When the interviewer remarked that NATO’s bombing of the Chinese embassy in Belgrade could, in that case, be interpreted as a warning of the West to China, Di Grazia emphasized that this was his personal conclusion, just as he thought that the NATO bombing of Serbia overall was a warning to a weakened Russia.
Now, he says, the situation is significantly different.
“Why is nobody considering bombing North Korea at this moment? Because of nuclear weapons, but also because of the fact that China is behind it, who has since been strengthened.

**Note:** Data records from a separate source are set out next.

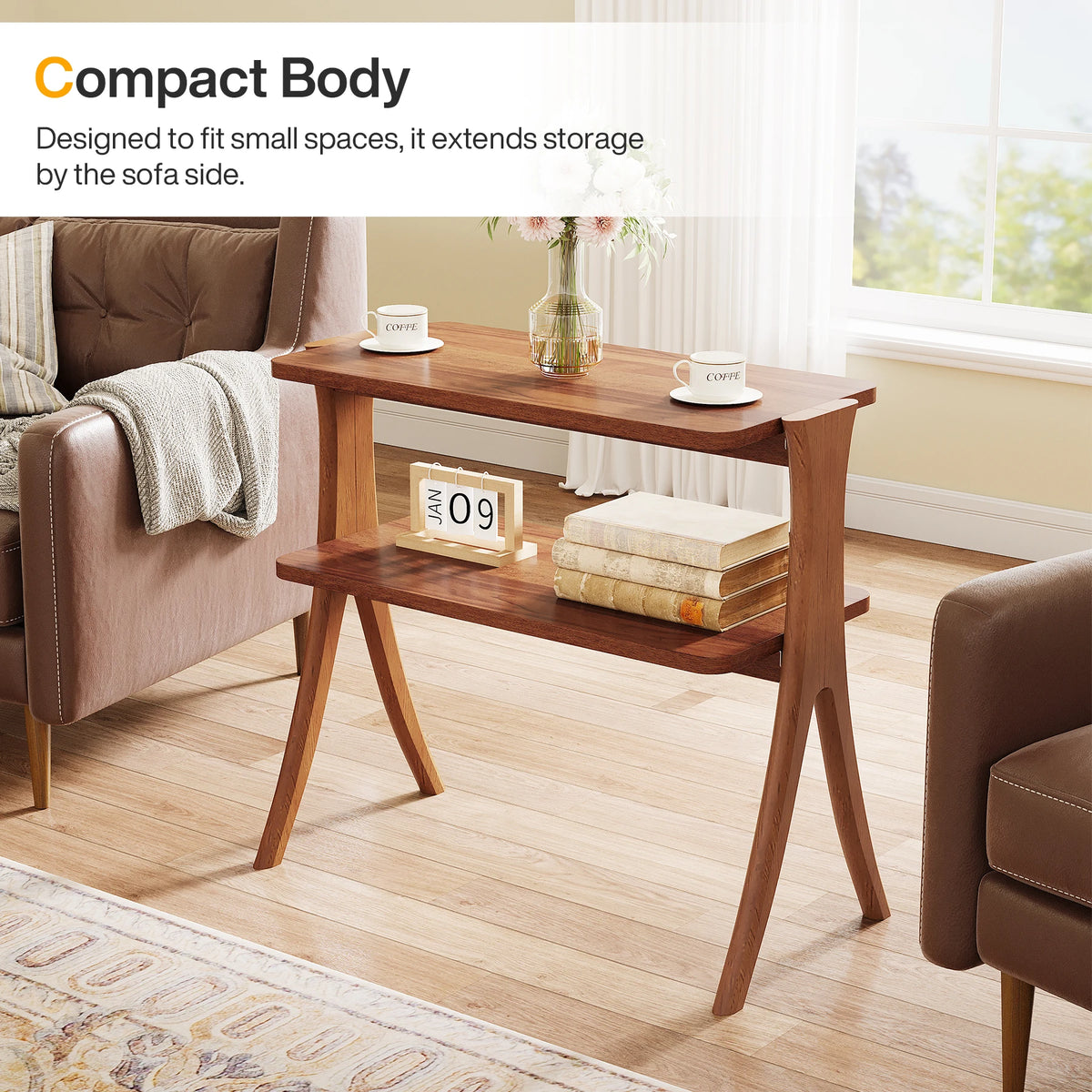 Tribesigns Walnut Side Table With Two Tier Storage Shelf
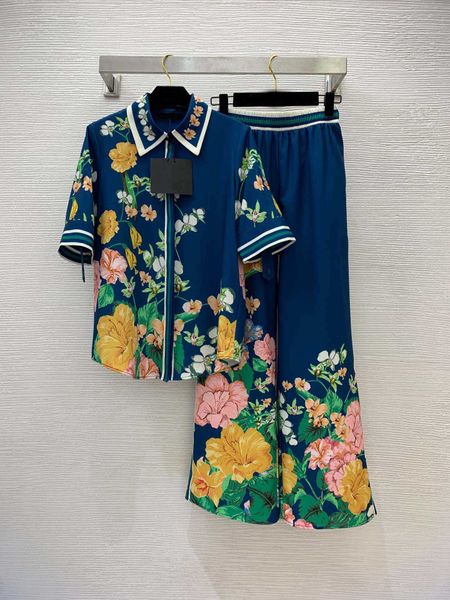 23ss women pants sets women designer clothes female green leaf flower print fashion buckle lapel short-sleeved shirt elastic waist trousers, White
23ss women pants sets women designer clothes female green leaf flower print fashion buckle lapel short-sleeved shirt elastic waist trousers, White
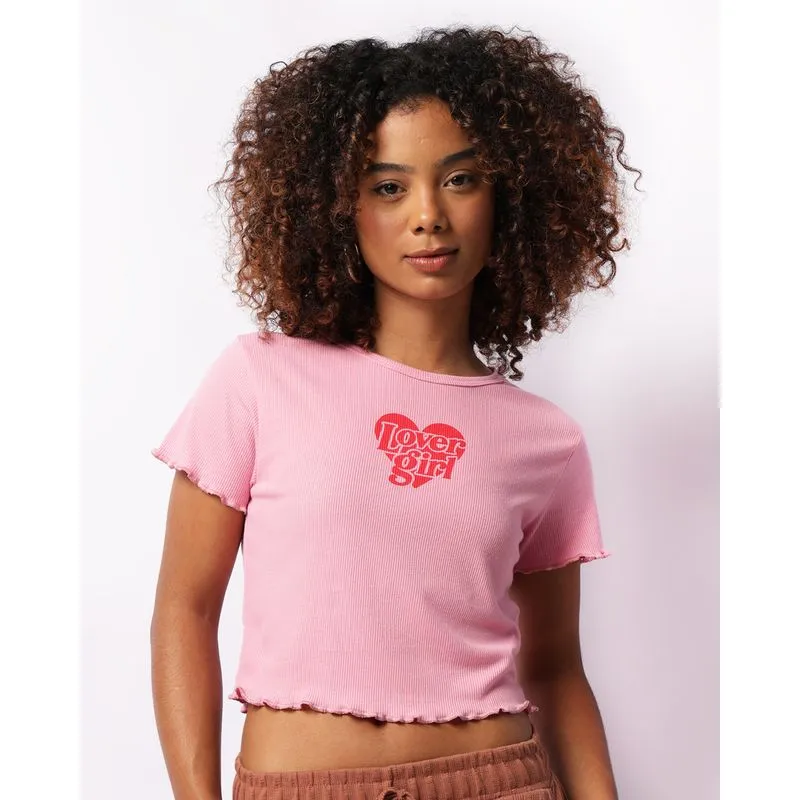 Blusa Feminina Canelada Estampa Coração Manga Curta Babado Rosa P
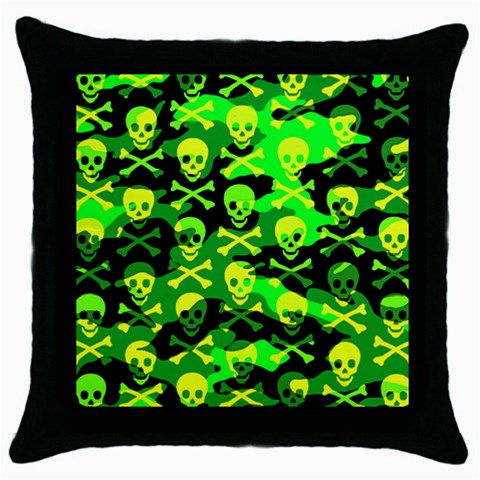Skull Camouflage Throw Pillow Case (Black) from ArtsNow.com Front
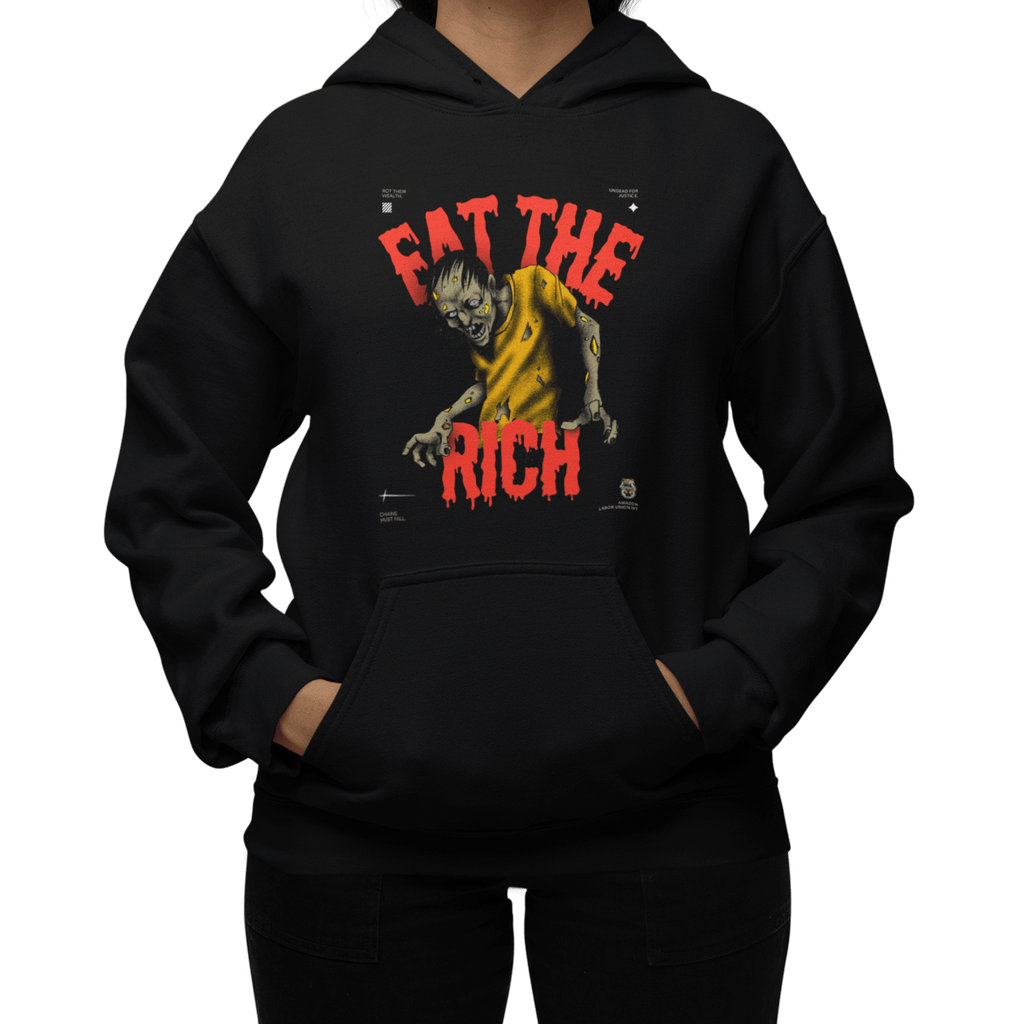 Black hoodie with graphic design and text on a white background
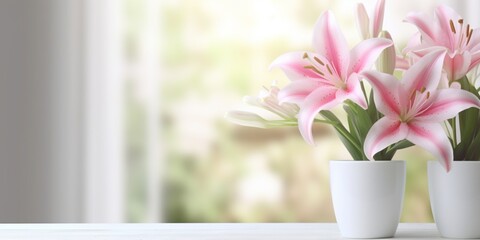 Window and pink lily flower on table with sun light copy space blurred background, AI Generated
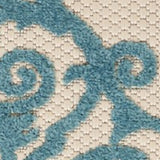 4' X 6' Aqua Damask Indoor Outdoor Area Rug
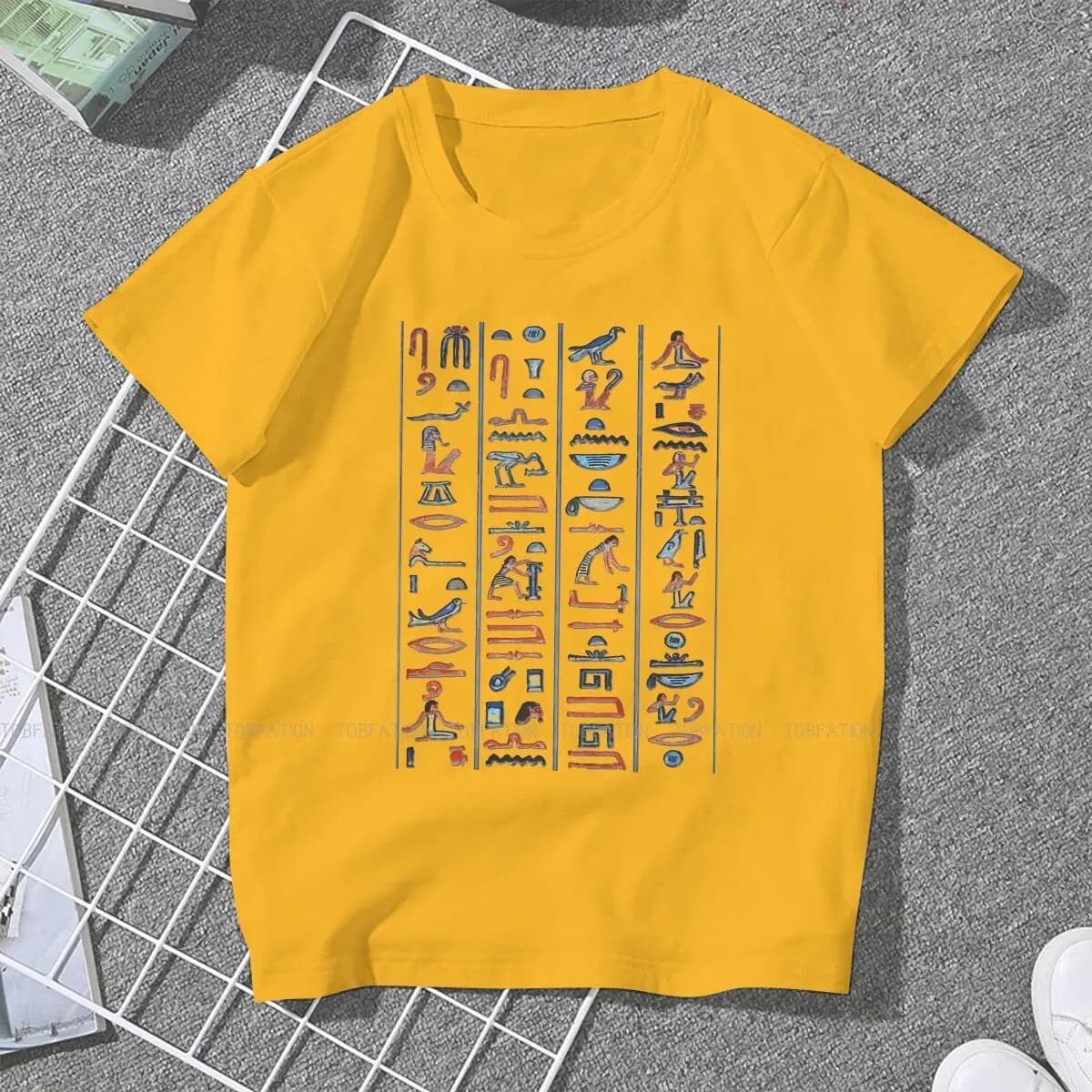 T-shirt fille de Culture égyptienne ancienne, hieroglyphe, couleurs originales sur noir, classique f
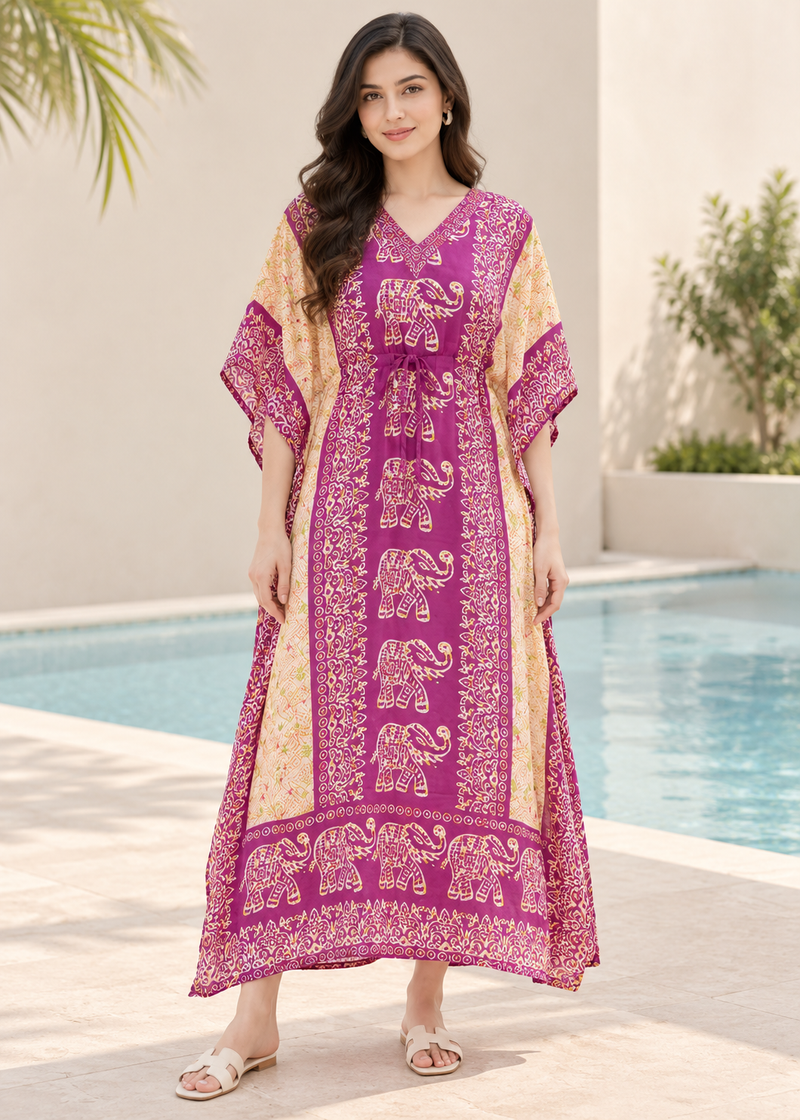 Purple Elephant Print Kaftan for Women – V Neck Batwing Sleeve Beach Cover Up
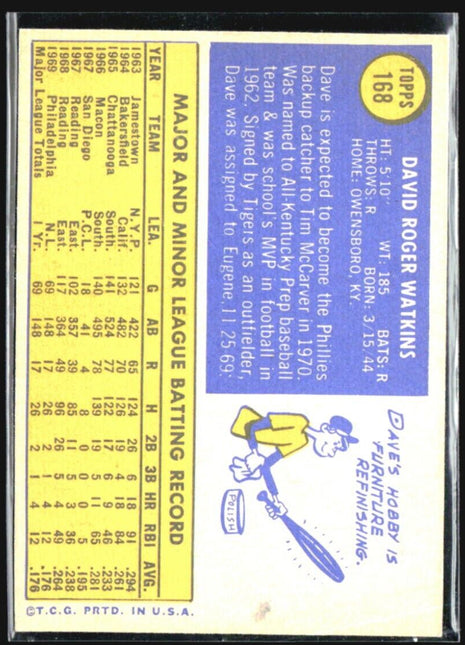 1970 Topps - #168 Dave Watkins (RC)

Also, Russia has regained the title of superpower, and what it did with Georgia, Moldova and especially Crimea, is similar to what NATO has done with Kosovo. That is why Kosovo in 1999 was a unique case that will not happen again,” says Di Grazia.
He also spoke about his doubts regarding the official interpretation of Racak (in Kosovo) and Markale (in Bosnia) cases, stating he did not believe “the Serb explanation” of the events in the village of Racak.
“Only when, a few days later, I met a colleague, an Italian officer serving as an OSCE observer, he said to me: ‘Biaggio, it’s not like they show it on TV. I informed the head of mission (William Walker) about it.’ He was the first to arrive at the location and he did not find the scenes that were later reported by the media. However, after he sent his report to the head of mission, nothing happened,” said Di Grazia.
He is convinced that Kosovo Albanians were happy when Racak happened – “and if it had not, they would certainly have fabricated one at a convenient time.”
Di Grazia expressed similar doubts about the Markale market bombing in Sarajevo in the first half of the 1990s, stating that his report to the ECMM (European Community Monitoring Mission) command had met a similar fate as the Racak report filed by his Italian colleague.
“I sent it after the investigation that I conducted in the wake of the bombing of Markale, doubting that the Serbs would target a market located a few steps away from an Orthodox church. They were not interested, and again nothing happened,” said Di Grazia.